Saturday, March 15, 2008

Imaging the Numerator

Good article. Hat tip Schneier.
Little research exists on the physical health effects of any risk disclosure, never mind the cumulative effects, although media saturation is being blamed for increased anxiety, stress and insomnia--gateways to obesity, high blood pressure, depression and other maladies. But the mental health effects of so much disclosure are reasonably well understood. Research suggests that it’s not only unproductive, but possibly counterproductive.

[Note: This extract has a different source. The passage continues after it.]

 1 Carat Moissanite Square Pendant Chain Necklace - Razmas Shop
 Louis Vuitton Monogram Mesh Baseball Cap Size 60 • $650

To understand how, I was sent to look up research from the late 1960s, when some psychologists put three dogs in harnesses and shocked them. Dog A was alone and was given a lever to escape the shocks. Dogs B and C were yoked together; Dog B had access to the lever, but Dog C did not. Both Dog A and Dog B learned to press the lever and escape the shocks. Dog C escaped with Dog B, but he didn’t really understand why. To Dog C the shocks were random, out of his control. Afterward, the dogs were shocked again, but this time they were alone and each was given the lever. Dog A and Dog B both escaped again, but Dog C did not. In fact, Dog C curled up on the floor and whimpered.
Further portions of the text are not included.